From the looks of the Task Manager, there is a lot of unused system resources while plotting with 0.1.1, whereas with 0.0.5 chia_plot was frequently using nearly 100% of the available CPU time and SSD bandwidth.

I understand that changes have been made since version 0.0.5 that may have improved performance on some Xeon and Threadripper test systems, but it seems to have greatly hurt performance in this case.

Maybe we could get those new upgrades toggled on/off from the command line? As it stands right now, version 0.1.1 is required in order to use the new Chia pooling protocol, which also means all the old plots made with 0.0.5 will need to be re-created under 0.1.1 at this reduced speed.

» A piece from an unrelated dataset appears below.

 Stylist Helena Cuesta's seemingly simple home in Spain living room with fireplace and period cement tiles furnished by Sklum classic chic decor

aj10017 commented 3 years ago

I'm also experiencing similar performance issues. My 3700x with 2x NVME would finish in 3300s-3500s but now it's ~4000s+

stevekm commented 3 years ago

worth noting that at ~75min/plot, I am getting about 19 plots/day, which is actually less than I was able to get with the official Chia plotter (maxed around 26 plots/day), which is not a good situation for mad max plotter to be in as an alternative plotter :(

Previously with version 0.0.5 I was getting about 40 plots/day on this system

Mattchew86 commented 3 years ago

I'm experiencing the same issue using a Ryzen 5900x.

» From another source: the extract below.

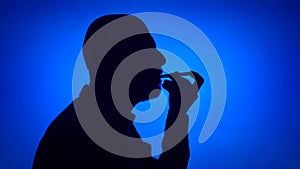Silhouette of cheerful senior man using birthday whistle on blue background. Celebration concept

Plot hardware: Ryzen 5900x 128gb ddr 4 3600 ram 2 x 2tb firecuda 520 nvme's in raid 0

Plotter config 22 threads 256 & 128 buckets t1: Nvme's raid0 drive t2: ramdisk

Plot times are varying a lot. Anywhere between 40 minutes and 85 minutes. I've tried loads of different settings, it seems like the system is underperforming? I've been trawling the internet and other people with similar configs seem to be having the same issue.

Something weird seems to be going on with the temp directories. Even though -G is not set, it seems to be alternating the drives?

reubes commented 3 years ago

make sure to trim your SSDs regularly with 'sudo fstrim -v /mnt/ssdpath/' and also mount them (and any SMR HDDs) with the discard option.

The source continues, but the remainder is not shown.